Simplify French POS Tag Set with NLTK

Question

Simplify French POS Tag Set with NLTK

How can I simplify some of the speech tags returned by a Stanford POS tester? In NLTK, it’s pretty easy to read an English sentence, find every part of a word of speech, and then use map_tag () to simplify the tag set:

#!/usr/bin/python # -*- coding: utf-8 -*- import os from nltk.tag.stanford import POSTagger from nltk.tokenize import word_tokenize from nltk.tag import map_tag #set java_home path from within script.
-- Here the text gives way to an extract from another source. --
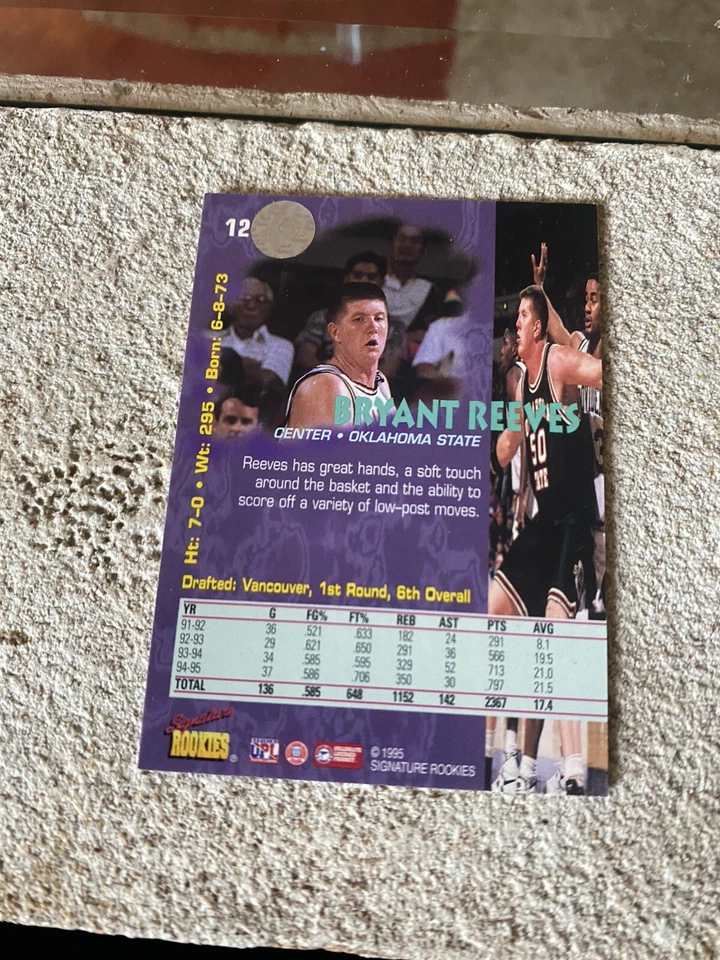 1995 Classic Superior Pix автограф Брайант Ривз Ванкувер Grizzlies /5000 - Изображение 4 из 4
Run os.getenv("JAVA_HOME") to test java_home os.environ["JAVA_HOME"] = "C:\\Program Files\\Java\\jdk1.7.0_25\\bin" english = u"the whole earth swarms with living beings, every plant, every grain and leaf, supports the life of thousands." path_to_english_model = "C:\\Text\\Professional\\Digital Humanities\\Packages and Tools\\Stanford Packages\\stanford-postagger-full-2014-08-27\\stanford-postagger-full-2014-08-27\\models\\english-bidirectional-distsim.tagger" path_to_jar = "C:\\Text\\Professional\\Digital Humanities\\Packages and Tools\\Stanford Packages\\stanford-postagger-full-2014-08-27\\stanford-postagger-full-2014-08-27\\stanford-postagger.jar" #define english and french taggers english_tagger = POSTagger(path_to_english_model, path_to_jar, encoding="utf-8") #each tuple in list_of_english_pos_tuples = (word, pos) list_of_english_pos_tuples = english_tagger.tag(word_tokenize(english)) simplified_pos_tags_english = [(word, map_tag('en-ptb', 'universal', tag)) for word, tag in list_of_english_pos_tuples] print simplified_pos_tags_english #output = [(u'the', u'DET'), (u'whole', u'ADJ'), (u'earth', u'NOUN'), (u'swarms', u'NOUN'), (u'with', u'ADP'), (u'living', u'NOUN'), (u'beings', u'NOUN'), (u',', u'.'), (u'every', u'DET'), (u'plant', u'NOUN'), (u',', u'.'), (u'every', u'DET'), (u'grain', u'NOUN'), (u'and', u'CONJ'), (u'leaf', u'NOUN'), (u',', u'.'), (u'supports', u'VERB'), (u'the', u'DET'), (u'life', u'NOUN'), (u'of', u'ADP'), (u'thousands', u'NOUN'), (u'.', u'.')]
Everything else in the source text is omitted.